Video 2. A case with DME on Spectralis OCT scan. Available from https://bcove.video/3iELLPv.
Video 2. A case with DME on Spectralis OCT scan. Available from https://bcove.video/3iELLPv.
Video 3. A case with DME on Triton OCT scan. Available from https://bcove.video/3y2eCnh.
Video 3. A case with DME on Triton OCT scan. Available from https://bcove.video/3y2eCnh.
Conclusions
Regular screening for DR remains a cornerstone of the management of diabetic eye disease, having been shown to reduce blindness at the population level. A major shift in the last decade has been the widespread use of 2D retinal fundus photography for DR screening. However, following the understanding that DME is the primary cause of vision loss among DM patients, OCT has been suggested to utilize for a timely identification and treatment of DME, particularly CI-DME, to prevent vision loss in patients with DM (3,7,26). In the current study, we developed and validated a novel DL system for the fully automated classification of DME based on both 3D and 2D OCT images from three commonly used devices, yielding volume scan–level results for each eye.
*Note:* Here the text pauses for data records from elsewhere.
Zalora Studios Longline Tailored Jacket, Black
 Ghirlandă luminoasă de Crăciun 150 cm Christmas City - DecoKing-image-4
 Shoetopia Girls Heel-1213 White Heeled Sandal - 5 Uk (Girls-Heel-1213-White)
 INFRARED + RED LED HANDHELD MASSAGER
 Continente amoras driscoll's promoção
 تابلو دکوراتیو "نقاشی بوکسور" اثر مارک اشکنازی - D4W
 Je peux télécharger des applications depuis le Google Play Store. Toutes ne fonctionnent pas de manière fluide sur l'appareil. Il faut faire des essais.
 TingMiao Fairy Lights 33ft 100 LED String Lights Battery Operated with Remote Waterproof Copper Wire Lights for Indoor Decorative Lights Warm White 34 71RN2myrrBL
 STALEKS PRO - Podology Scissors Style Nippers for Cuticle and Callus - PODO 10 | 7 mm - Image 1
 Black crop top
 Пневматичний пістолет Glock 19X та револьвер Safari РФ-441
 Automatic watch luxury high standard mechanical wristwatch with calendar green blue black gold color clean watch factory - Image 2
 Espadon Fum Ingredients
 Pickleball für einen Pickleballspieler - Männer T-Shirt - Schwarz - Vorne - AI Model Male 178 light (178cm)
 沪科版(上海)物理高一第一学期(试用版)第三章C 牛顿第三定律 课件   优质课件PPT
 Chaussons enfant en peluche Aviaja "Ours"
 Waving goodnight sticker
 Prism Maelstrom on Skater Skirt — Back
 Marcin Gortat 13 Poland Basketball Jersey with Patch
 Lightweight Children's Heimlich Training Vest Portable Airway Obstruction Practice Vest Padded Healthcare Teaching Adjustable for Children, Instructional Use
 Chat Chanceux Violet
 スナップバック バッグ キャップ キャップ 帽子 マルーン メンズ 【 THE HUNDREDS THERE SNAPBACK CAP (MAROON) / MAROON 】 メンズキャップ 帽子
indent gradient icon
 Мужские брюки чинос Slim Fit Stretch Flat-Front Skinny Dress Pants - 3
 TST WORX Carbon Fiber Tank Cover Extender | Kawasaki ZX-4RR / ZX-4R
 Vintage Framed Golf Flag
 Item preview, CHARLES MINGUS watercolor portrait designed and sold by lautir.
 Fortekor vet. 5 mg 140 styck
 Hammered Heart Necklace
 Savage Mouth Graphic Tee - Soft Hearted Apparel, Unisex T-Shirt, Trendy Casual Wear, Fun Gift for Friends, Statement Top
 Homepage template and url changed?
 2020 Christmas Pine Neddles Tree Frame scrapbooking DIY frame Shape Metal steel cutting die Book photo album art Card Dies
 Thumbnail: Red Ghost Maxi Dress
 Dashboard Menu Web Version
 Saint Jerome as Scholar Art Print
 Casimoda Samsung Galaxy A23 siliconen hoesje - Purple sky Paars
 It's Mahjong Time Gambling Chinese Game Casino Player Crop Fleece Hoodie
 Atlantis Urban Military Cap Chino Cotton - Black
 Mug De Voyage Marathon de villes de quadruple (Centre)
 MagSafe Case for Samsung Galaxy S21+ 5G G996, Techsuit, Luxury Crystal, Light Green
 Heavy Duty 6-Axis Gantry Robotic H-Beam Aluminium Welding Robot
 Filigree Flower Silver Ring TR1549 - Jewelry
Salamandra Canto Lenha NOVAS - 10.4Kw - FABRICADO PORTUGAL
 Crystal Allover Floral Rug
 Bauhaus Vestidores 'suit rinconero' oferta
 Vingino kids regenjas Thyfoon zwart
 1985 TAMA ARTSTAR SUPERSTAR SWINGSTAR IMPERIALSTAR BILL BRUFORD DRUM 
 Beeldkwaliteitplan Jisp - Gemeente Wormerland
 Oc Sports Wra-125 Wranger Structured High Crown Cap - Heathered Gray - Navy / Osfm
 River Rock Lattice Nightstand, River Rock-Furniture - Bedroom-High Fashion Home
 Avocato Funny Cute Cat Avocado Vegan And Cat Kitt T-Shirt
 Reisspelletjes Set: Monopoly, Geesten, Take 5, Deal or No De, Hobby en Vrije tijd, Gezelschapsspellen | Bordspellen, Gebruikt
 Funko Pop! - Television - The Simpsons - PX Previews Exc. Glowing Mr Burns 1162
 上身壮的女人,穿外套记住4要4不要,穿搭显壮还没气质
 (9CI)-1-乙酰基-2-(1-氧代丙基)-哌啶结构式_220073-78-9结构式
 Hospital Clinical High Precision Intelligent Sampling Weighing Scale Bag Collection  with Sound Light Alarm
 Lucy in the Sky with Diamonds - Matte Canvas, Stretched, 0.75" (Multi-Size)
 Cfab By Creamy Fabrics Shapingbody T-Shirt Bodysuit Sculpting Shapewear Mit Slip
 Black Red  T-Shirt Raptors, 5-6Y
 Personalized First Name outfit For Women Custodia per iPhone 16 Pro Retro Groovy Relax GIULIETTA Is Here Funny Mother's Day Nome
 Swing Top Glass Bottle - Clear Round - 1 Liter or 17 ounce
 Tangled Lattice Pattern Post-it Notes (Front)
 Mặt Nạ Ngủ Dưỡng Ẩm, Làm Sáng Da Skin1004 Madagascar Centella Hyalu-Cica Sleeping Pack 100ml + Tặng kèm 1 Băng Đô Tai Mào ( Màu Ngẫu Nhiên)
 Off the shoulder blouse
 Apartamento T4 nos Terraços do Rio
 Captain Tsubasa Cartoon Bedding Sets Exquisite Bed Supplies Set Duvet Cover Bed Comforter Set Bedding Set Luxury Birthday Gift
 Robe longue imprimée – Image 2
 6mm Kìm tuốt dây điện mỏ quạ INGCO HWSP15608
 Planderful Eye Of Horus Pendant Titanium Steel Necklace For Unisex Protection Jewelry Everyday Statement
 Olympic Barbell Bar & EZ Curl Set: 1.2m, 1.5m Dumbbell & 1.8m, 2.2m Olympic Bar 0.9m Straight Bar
We externally tested the DL system using diverse, independent data sets collected from different centers, across different racial/ethnic groups, and in different settings (i.e., community-based screening and tertiary care settings). We showed that the proposed DL system had an excellent discriminative performance in both classifying any DME and distinguishing CI-DME from non-CI-DME, as well as identifying other non-DME retinal abnormalities on OCT images captured by the three widely used devices.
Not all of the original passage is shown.